My hands are cold most of the time, and I'm finding that my fingers are freezing holding the new Oasis.  Has anyone skinned theirs yet?  Does a skin help make it feel not so cold?


----------



## cagnes (Oct 13, 2009)

I've just skinned mine and it does help, though I can still feel some coolness even with the skin.


----------



## hummingbird_206 (Jan 16, 2009)

Thanks, I'm going to give the skin a try.  I don't really want a cover since I can't find one I like, but may have to resort to one if the skin isn't enough.


----------



## kschles (Feb 10, 2011)

cagnes said:


> I've just skinned mine and it does help, though I can still feel some coolness even with the skin.

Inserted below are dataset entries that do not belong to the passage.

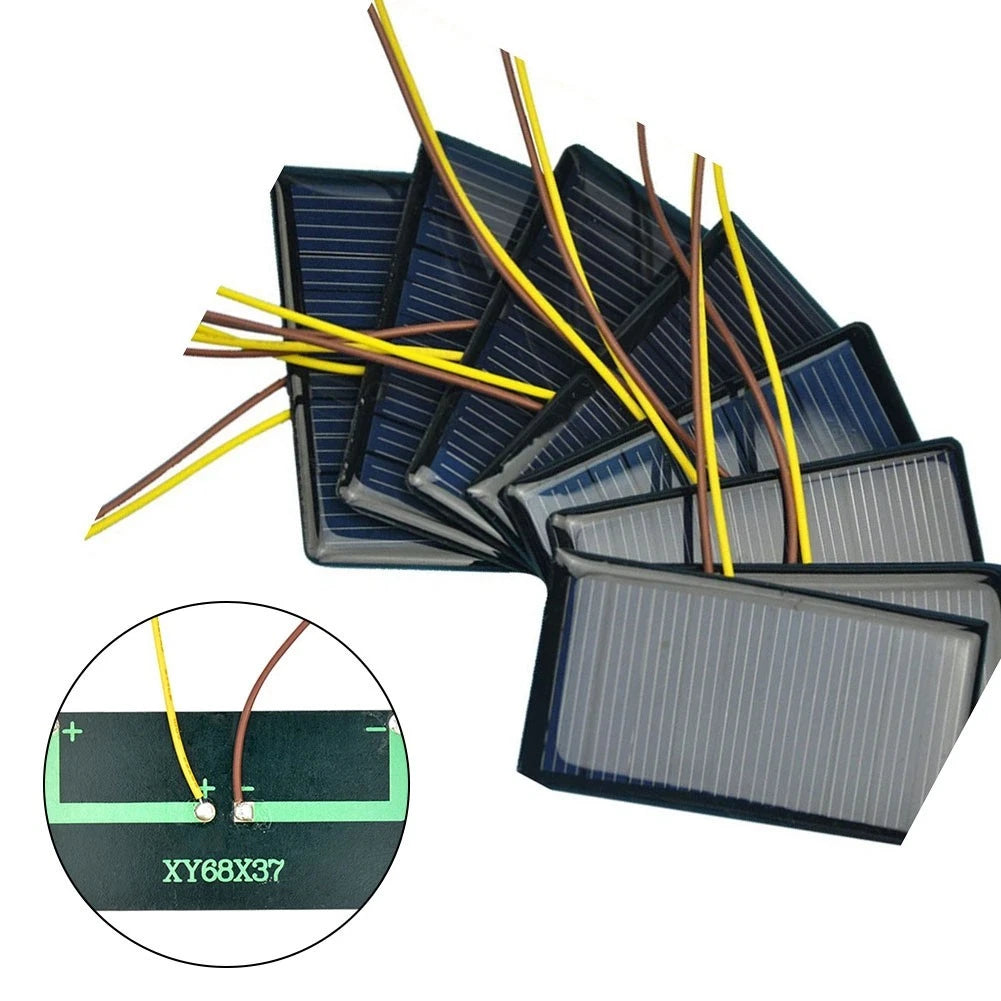 10PCS Portable Solar Charger Kit 5V for Small Scale Projects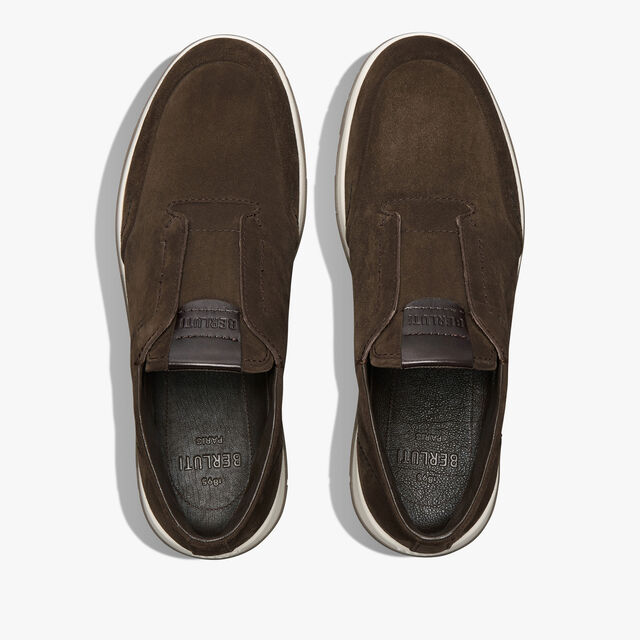 Echappée Suede Calf Slip On, DARK BROWN, hi-res 3
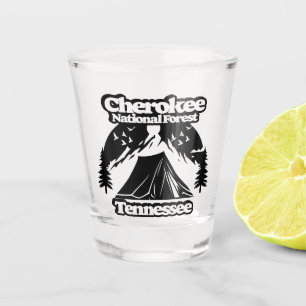 Cherokee National Forest Tennessee Schnapsglas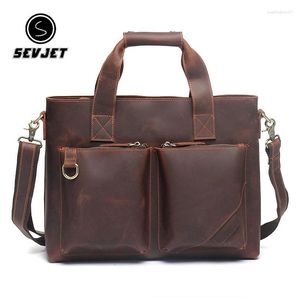 Evrak çantaları orijinal deri erkek evrak çantası vintage iş omuz crossbody çanta erkek flep dizüstü bilgisayar çanta el çantası messenger tote debriyaj jyy1115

Agree with Cagnes. I found the naked Oasis too cold to hold. With a skin it is not as cold (although still cool) and not as slippery. Another benefit is no smudging on the front.


----------



## TromboneAl (Mar 20, 2015)

I have cold hands (Reynauld's) but found that the device warms up quickly. That is, it only feels cold at first.

Sent from my Nexus 7 using Tapatalk


----------



## cameronwaynesmith (Jun 28, 2017)

Sounds like a good device for warmer environments!


----------